石狩市の厚田・浜益地域は、低湿地である市南部とは対照的に、標高200〜1000m以上の丘陵地や山地が大部分を占めています。西側は切り立った崖と海岸段丘で日本海に面しています。雄冬(おふゆ)岬、愛冠(あいかっぷ)岬の海岸線は、暑寒別天売焼尻(しょかんべつてうりやぎしり)国定公園の一部に指定されています。

■地形・地質
厚田・浜益地域を構成する山地は増毛(ましけ)山地と呼ばれ、浜益川を境界として、南側の樺戸(かばと)山地、北側の暑寒別山地とに二分されます。
樺戸山地は標高200〜700mの比較的なだらかな丘陵地で、南部(厚田川より南)の沿岸には海岸段丘が発達しています。この地域の地質は、南部は新生代中新世(2400万年前〜530万年前)の堆積岩から、北部は同時期の火山岩からできています。
暑寒別山地は標高1000mを越す暑寒別岳連峰を中心とした山地です。
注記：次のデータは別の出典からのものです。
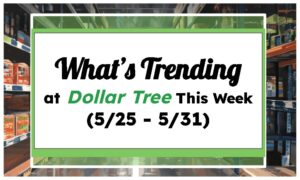 Whats Trending at Dollar Tree This Week (5/25 - 5/31)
こちらは新生代鮮新世(530万年前〜170万年前)の噴火による火山岩でできています。樺戸山地に比べて地質が新しいため、より急峻な山地になっています。

■気候
対馬暖流の流れる日本海に面しているため、道内の同緯度、同標高と比較すると温暖です。沿岸部での平均気温は夏には約21℃、冬は−4℃前後(冬は市南部より約1℃暖かい)ですが、冬の季節風は強く、冬期の平均風速は約5m/秒に達します。
冬期に降雪の多い日本海側気候区に属していて、最深積雪量は海沿いでは市南部とほぼ同じく1m前後ですが、山地部では2m前後まで達します。

■植生
広く森林に覆われており、大半がミズナラ、イタヤカエデ、シナノキなどからなる落葉広葉樹林帯に属しています。山地の中でも標高の高い地域にはトドマツなどを含む針広混交林帯が、さらに暑寒別岳周辺には、高山帯(高山植物、ハイマツ林)も分布しています。

■動物
海岸にはウミウやオオセグロカモメのコロニーが見られ、冬期はトドやゴマフアザラシが回遊してきます。また、国蝶オオムラサキの北限としても知られています。